= Heinrich Thyssen =

German-Hungarian entrepreneur and art collector

Heinrich Thyssen (31 October 1875 – 26 June 1947), after 22 June 1907 Heinrich, Baron Thyssen-Bornemisza de Kászon et Impérfalva, was a Hungarian-German entrepreneur and art collector.

==Biography==
Thyssen was born in Mülheim an der Ruhr, the second son of German industrialist August Thyssen. Heinrich Thyssen had abandoned Germany as a young man and, after studying chemistry at the University of Heidelberg and philosophy at the University of London and obtaining a doctorate, he settled in Hungary in 1905 and married Baroness Margit Bornemisza de Kászon et Impérfalva (Csetény, Veszprém, 23 July 1887 – Locarno, 17 April 1971) in Vienna or Budapest on 4 January 1906 and became a citizen of Austria-Hungary.

In Vienna on 22 June 1907 he was adopted by his father-in-law, Gábor, Baron Bornemisza de Kászon et Impérfalva (Kolozsvár, 20 April 1859 – Budapest, 21 April 1915), the King's chamberlain who, having no sons of his own, adopted Heinrich.
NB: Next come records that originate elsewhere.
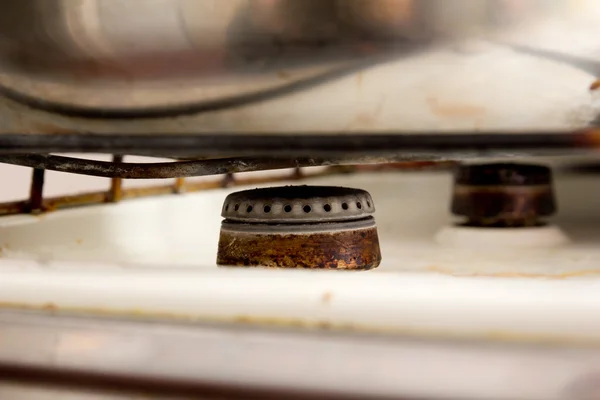 Queimador velho em um fogão a gás — Fotografia de Stock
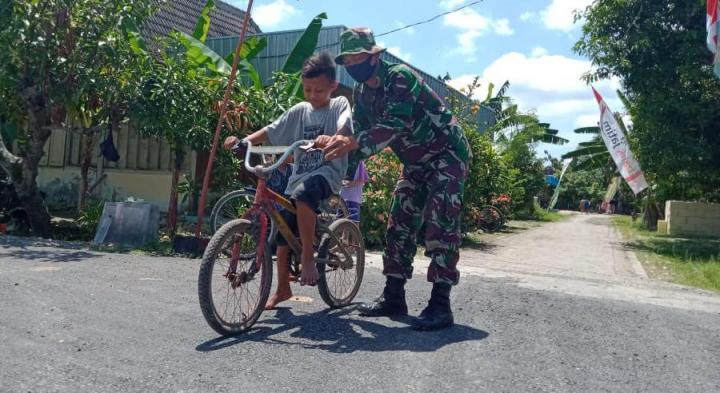  Jalan Aspal TMMD Bojonegoro Mulus, Satgas Ajari Anak Ngrancang Bersepeda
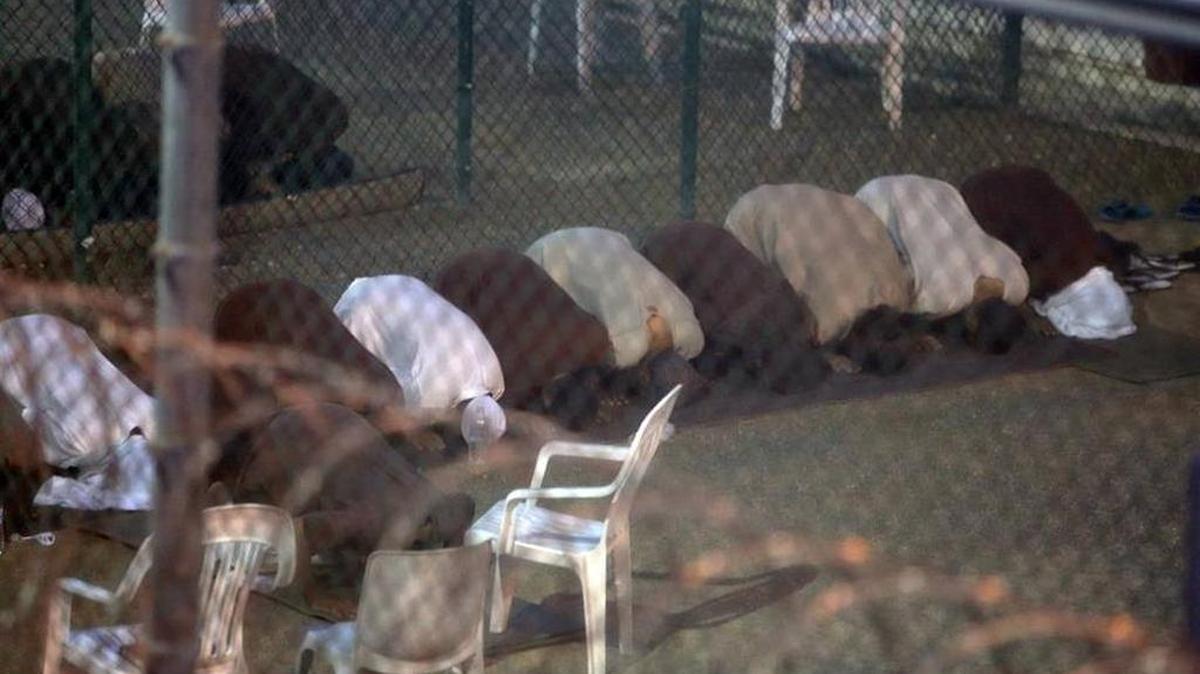 
Praying in detention: War on terror suspects held at Guantánamo Naval Base shown here praying during Ramadan in July.
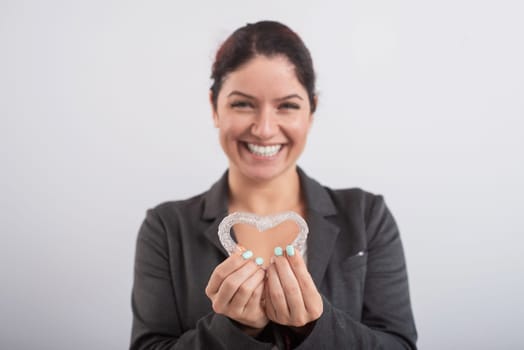 Caucasian woman holding two transparent heart-shaped aligners.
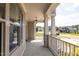 Spacious front porch with decorative pillars and serene neighborhood views at 3521 Amelia Grace Dr # 67, Fuquay Varina, NC 27526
Franz Joseph I of Austria, King-Emperor of Austria-Hungary granted him the hereditary title and rank of a baron in the Hungarian nobility in 1907. His mother-in-law was English American Mathilde Louise Price (Wilmington, New Castle County, Delaware, 14 March 1865 – Locarno, 19 January 1959 and married at Vienna on 16 May 1883), who was a sister of Anne Hollingsworth Price (wife of Friedrich Wilhelm, Prince of Ardeck) and they were descendants of the Winthrop family, and related to Daniel M. Frost and John Kerry.
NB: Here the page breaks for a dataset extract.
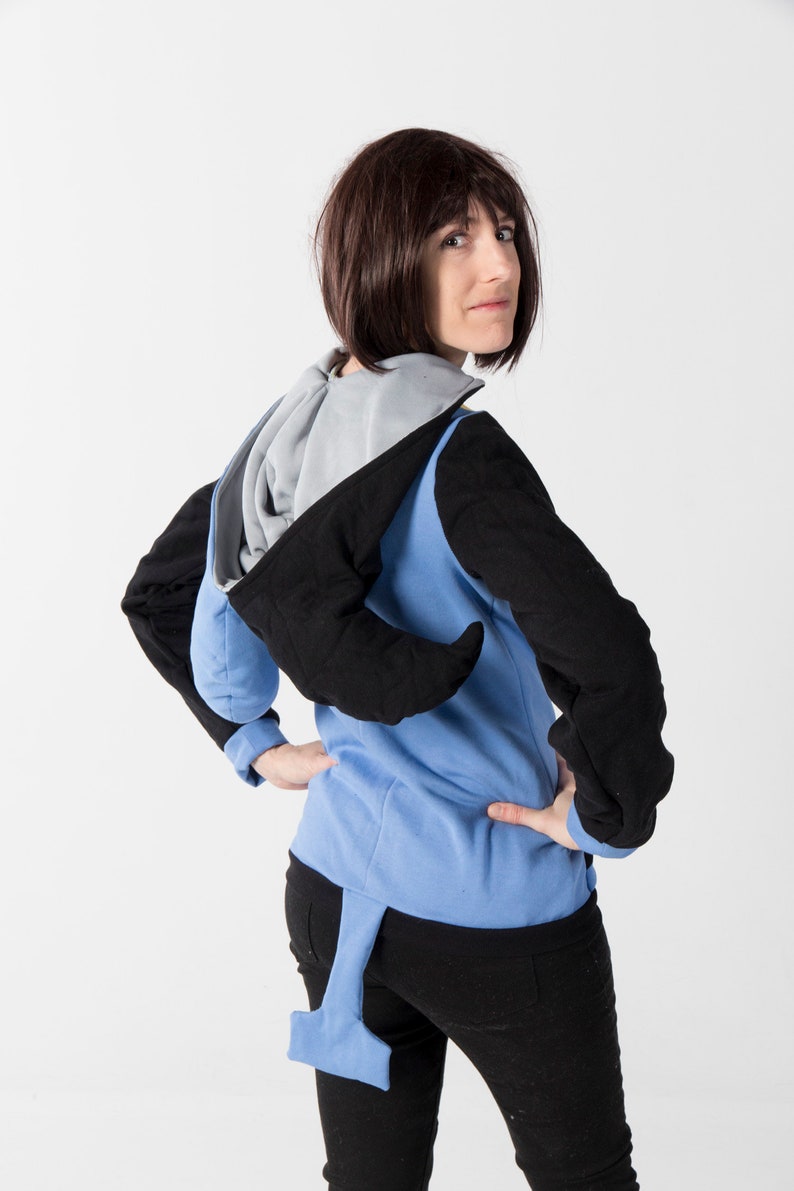 May include: A blue, black, and gray hooded sweatshirt with a unique design. The sweatshirt features black sleeves, a blue body, and a gray hood. A blue tail-like extension hangs from the back. The model is wearing black pants.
The couple lived at the castle of Rohonc until after World War I and the uprising of Béla Kun, when they fled and moved to The Hague in the Netherlands from where they directed some of the Thyssen commercial and industrial interests, including the Bank voor Handel en Scheepvaart. In 1926 he had refused to participate in the Vereinigte Stahlwerke AG, founded by his elder brother Fritz Thyssen, although becoming a board member, but kept his own inherited wealth, including his father's foreign investments and some German companies apart from the Thyssen steelworks, in a separate organization, the August Thyssensche Unternehmungen des In- und Auslandes, GmbH, today Thyssen-Bornemisza Group Holdings N.V. (TBG).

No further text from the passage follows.